New York, NY — Dismantling the school-to-prison pipeline starts with ending relationships between school districts and police departments. As we stand with youth and communities across the nation demanding an end to the ongoing police killings and violence against Black people, school districts must act and remove police from our schools.
We applaud the courageous and necessary decision of the Minneapolis Public School Board on June 2nd to terminate its contractual agreement with the Minneapolis Police Department. We also think it’s critical to lift up and acknowledge the years of organizing that parents, students, education advocates and organizations like the Midwest Center for School Transformation, Twin Cities Innovation Alliance, Minnesota Parent Union, Black Youth Project 100, Inclusion Revolution, the students at MPS, PAROS and others have done in Minneapolis around decriminalizing learning environments. This vote wasn’t possible without their work.

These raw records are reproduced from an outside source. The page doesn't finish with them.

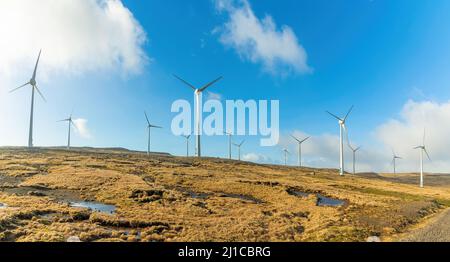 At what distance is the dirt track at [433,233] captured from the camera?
99.4 ft

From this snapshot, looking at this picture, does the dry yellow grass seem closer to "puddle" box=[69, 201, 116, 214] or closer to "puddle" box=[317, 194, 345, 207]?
"puddle" box=[69, 201, 116, 214]

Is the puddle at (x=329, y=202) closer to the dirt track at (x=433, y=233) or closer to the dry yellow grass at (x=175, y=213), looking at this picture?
the dry yellow grass at (x=175, y=213)

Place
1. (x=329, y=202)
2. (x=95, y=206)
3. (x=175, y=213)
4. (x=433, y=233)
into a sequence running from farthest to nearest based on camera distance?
(x=329, y=202) < (x=95, y=206) < (x=175, y=213) < (x=433, y=233)

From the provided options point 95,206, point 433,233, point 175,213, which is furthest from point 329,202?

On June 4th, the Portland Public School Superintendent also announced his decision to discontinue the regular presence of school resource officers in the city’s high schools and to invest those funds in social workers, counselors, and culturally responsive programs. As in Minneapolis, parent and youth organizations like Portland Parent Union and others have fought for years to remove police and implement positive approaches.
As a coalition of over 120 grassroots organizations committed to ending school pushout, fighting racism, and dismantling oppression, we see these decisions as specific and practical steps districts nationwide can take towards meaningfully protecting students and creating healthier learning environments. We call on other districts to follow Minneapolis’ and Portland’s lead and the lead of organizations on the ground that have been fighting for years to remove police from schools in their districts. The daily presence of police in schools does not positively contribute to student success or safety. Frankly, that’s never been their role. With police in schools, students and their families are criminalized, and school-based arrests and referrals to law enforcement go up.
“While we stand in solidarity with this long-fought battle to remove SROs from schools, we also have to be forward-facing, as we don’t want the removal of the physical presence of police to be replaced with technological policing and criminalization through surveillance technology such as cameras and social media monitoring which would only expand the police state and the cradle-to-prison algorithm,” says Marika Pfefforkon of the Midwest Center for School Transformation and the Twin Cities Innovation Alliance.
Sheila Warren of Portland Parent Union shared, “We are thankful for all who think this shift is important! Though a great victory for all of us, we must gear up to demand where that money should be spent both with the schools and police. We did ask for Counselors not Cops!”
As we celebrate these major victories, we know that our work and our partners’ work in Minneapolis and Portland doesn’t cease. We need a human rights framework for schools that is reflected in education policy and present in the everyday learning environment. Fortunately, there are already a plethora of practices that we know can create safety and support students’ well-being, and there are youth and parent leaders and community-based practitioners with solutions for districts to implement. This includes bringing community intervention workers and peacebuilders into schools, implementing culturally relevant curriculums, practicing restorative and transformative justice, adequately funding and hiring critical support staff such as school counselors, and engaging young people around decisions that shape their academic and social future.
As schools divest from policing and other practices that contribute to the surveillance and criminalization of students and families, they can invest in these transformative, culturally responsive, and effective approaches that support students’ full academic, social and emotional development.